*Extracted entries*.

*** Begin section ***

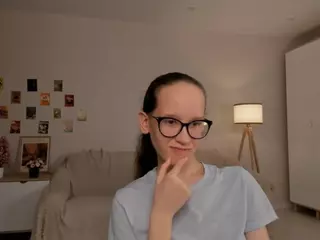 LynetteBails's Live Sex Cam Show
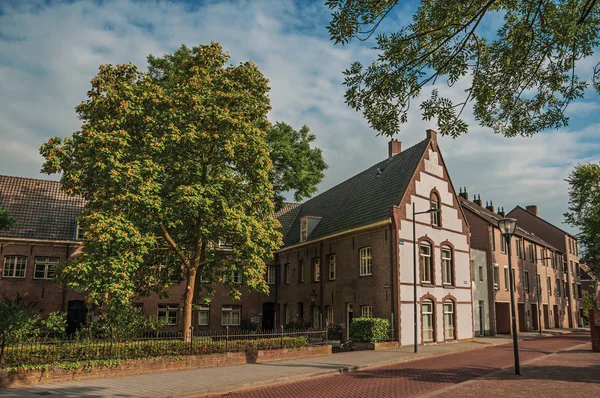 Straße mit großem Backsteinhaus in s-hertogenbosch — Stockfoto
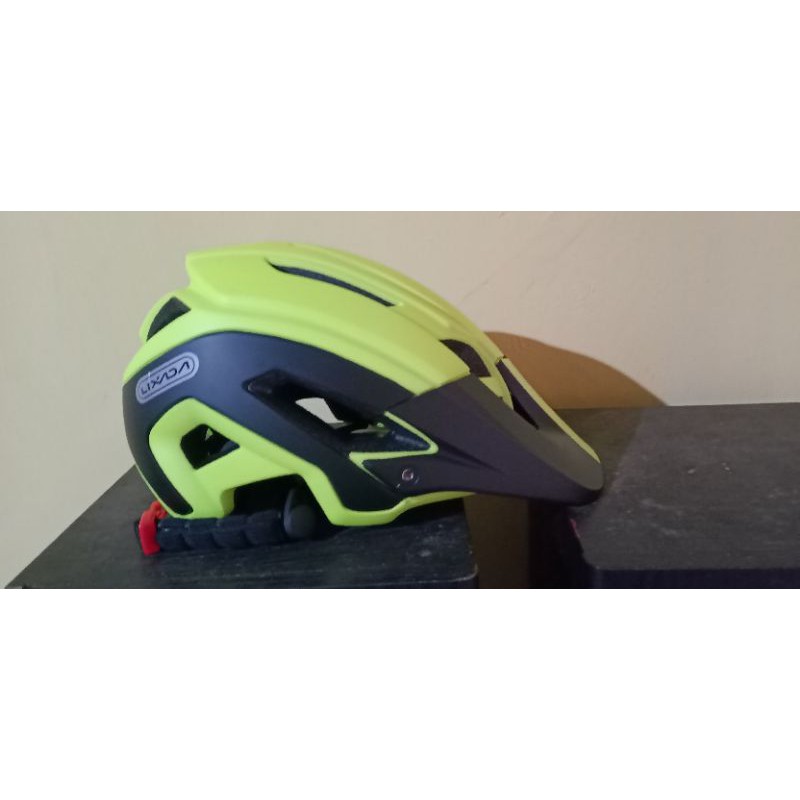 helm lixada terbaru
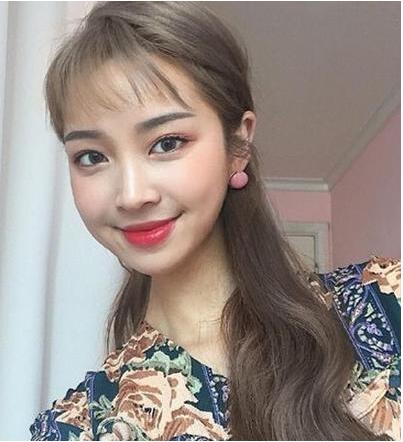 2022最流行的齐刘海发型女图片大全05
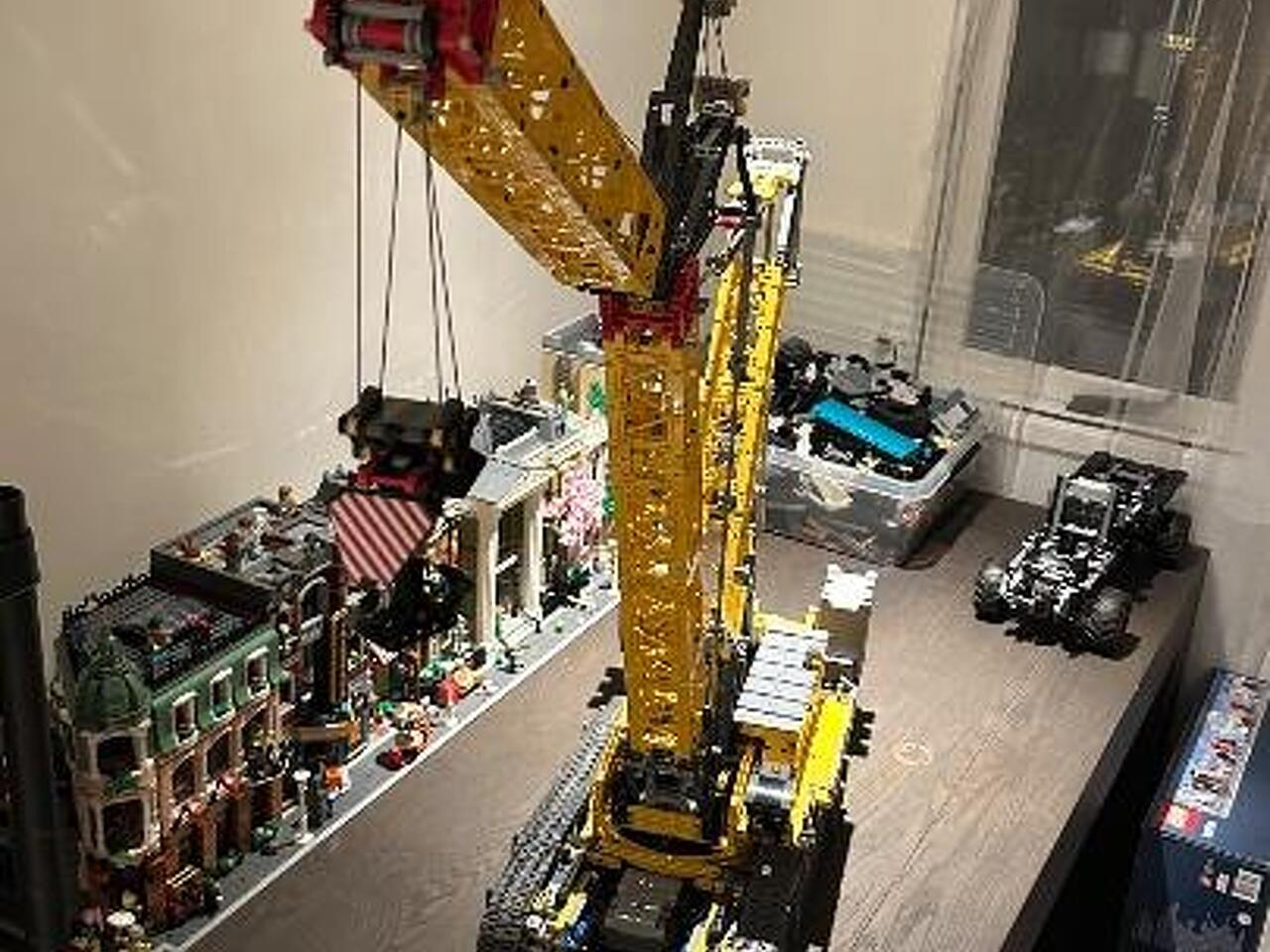 LEGO Technic Liebherr Rupsbandkraan LR 13000 RC - 42146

*** End section ***

*Task description*. Transcribe the full listing above exactly as it stands, minus the pictures.

*Task answer*.
 LynetteBails's Live Sex Cam Show
 Straße mit großem Backsteinhaus in s-hertogenbosch — Stockfoto
 helm lixada terbaru
 2022最流行的齐刘海发型女图片大全05
 LEGO Technic Liebherr Rupsbandkraan LR 13000 RC - 42146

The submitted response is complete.